### Your task:
An exact copy of all the data is the required output.

### Material shown:

***

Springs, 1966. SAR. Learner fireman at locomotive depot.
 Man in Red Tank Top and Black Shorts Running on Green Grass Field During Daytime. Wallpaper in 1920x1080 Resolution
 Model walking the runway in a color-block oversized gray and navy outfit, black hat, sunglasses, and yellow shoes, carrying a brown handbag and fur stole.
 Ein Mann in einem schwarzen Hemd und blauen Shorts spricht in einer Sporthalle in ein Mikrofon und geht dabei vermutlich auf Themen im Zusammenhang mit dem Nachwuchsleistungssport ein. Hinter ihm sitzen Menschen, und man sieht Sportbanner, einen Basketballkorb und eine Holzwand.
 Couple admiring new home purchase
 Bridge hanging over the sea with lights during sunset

***

### Solution to this exercise:
Springs, 1966. SAR. Learner fireman at locomotive depot.
 Man in Red Tank Top and Black Shorts Running on Green Grass Field During Daytime. Wallpaper in 1920x1080 Resolution
 Model walking the runway in a color-block oversized gray and navy outfit, black hat, sunglasses, and yellow shoes, carrying a brown handbag and fur stole.
 Ein Mann in einem schwarzen Hemd und blauen Shorts spricht in einer Sporthalle in ein Mikrofon und geht dabei vermutlich auf Themen im Zusammenhang mit dem Nachwuchsleistungssport ein. Hinter ihm sitzen Menschen, und man sieht Sportbanner, einen Basketballkorb und eine Holzwand.
 Couple admiring new home purchase
 Bridge hanging over the sea with lights during sunset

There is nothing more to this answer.